Notice that the increments attain values in ${\mathbb R}$ , i.e. not necessarily in ${\mathbb R}^+$ . If we take $F({\cdot})$ to be the distribution function of a claim size minus a claim interarrival time, then we can apply (4.4) by considering the random number of claim arrivals in an exp( $\omega$ ) interval. This yields:

(4.5) \begin{equation} {\mathbb P} \big(\overline{Y}(T_\omega) >u\big) \sim \frac{\lambda}{\omega} \bar{F}(u) \sim \frac{\lambda}{\omega}\, {\mathbb P}(B>u) .\end{equation}

In order to use this result to determine the asymptotic behavior of the bankruptcy probability, we observe the following:

1. (i) $\overline{Y}(T_\omega)$ has the same distribution as $Z^+$ , cf. (2.8) with $\beta = 0$ . Hence, $Z^+ \in {\mathscr S}^\star$ , and $Z^{+,{\rm res}}$ is subexponential.

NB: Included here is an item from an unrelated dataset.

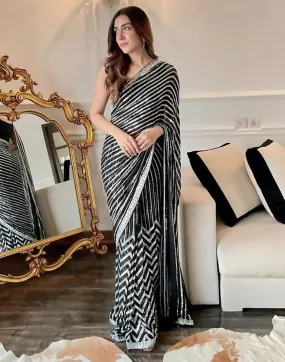 Black Georgette Plain Sarees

2. (ii) $Y_{0,\omega}$ can be viewed as the steady-state waiting time in an M/G/1 queue with generic service time $Z^+$ and arrival rate $\psi(\omega)$ , so with load $\rho \,:\!=\, {\mathbb E}Z^+/{\mathbb E}Z^-$ . Hence, we can use a standard result for the waiting-time tail in the M/G/1 queue, in which the residual service time $Z^{+,{\rm res}}$ is subexponential:

   \begin{equation*} {\mathbb P}(Y_{0,\omega} >u) \sim \frac{\rho}{1-\rho} {\mathbb P}(Z^{+,{\rm res}}>u). \end{equation*}
   This result holds equivalently for the ruin probability in the dual Cramér–Lundberg model, see, e.g., [Reference Asmussen and Albrecher7, Theorem X.2.1], and hence we conclude that
   \begin{align*} \tilde{p}(u) = {\mathbb P}(Y_{0,\omega} >u) & \sim \frac{{\mathbb E} Z^+}{{\mathbb E}Z^- - {\mathbb E} Z^+} {\mathbb P}(Z^{+,{\rm res}} >u) \\ & = \frac{1}{{\mathbb E}Z^- - {\mathbb E}Z^+} \int_u^{\infty} {\mathbb P}(Z^+ >y)\, {\rm d} y \\ & = \frac{\omega}{r - \lambda {\mathbb E}B} \int_u^{\infty} \frac{\lambda}{\omega}\, {\mathbb P}(B>y)\, {\rm d} y . \end{align*}
   Here, the last equality follows using ${\mathbb E}Z^- = 1/\psi(\omega)$ and (cf. (3.4)) ${\mathbb E}Z^+ = 1/\psi(\omega) - \varphi'(0)/\omega$ with $\varphi'(0) = r-\lambda {\mathbb E}B >0$ , and applying (4.5).

Combining (i) and (ii) yields the main result of this subsection.

Proposition 4.2. Assume $B\in {\mathscr S}^\star$ . As $u\to\infty$ ,

\begin{equation*} \tilde{p}(u) \sim \frac{\lambda {\mathbb E}B}{r - \lambda {\mathbb E}B} {\mathbb P}(B^{{\rm res}} >u) . \end{equation*}

Notice, looking at the statement in (ii) above regarding the tail behavior in an M/G/1 queue, that $\tilde p(u)$ has the exact same tail asymptotics as p(u). In particular, the asymptotics of $\tilde p(u)$ do not depend on the inspection rate $\omega$ . This may look surprising at first sight, but realize that for $B\in {\mathscr S}^\star$ there is the intuition that ‘a single big jump’ is responsible (with overwhelming probability as $u\to\infty$ ) for exceeding a high level. This suggests that when ruin occurs, it is highly likely that the capital is still below zero at the next inspection moment.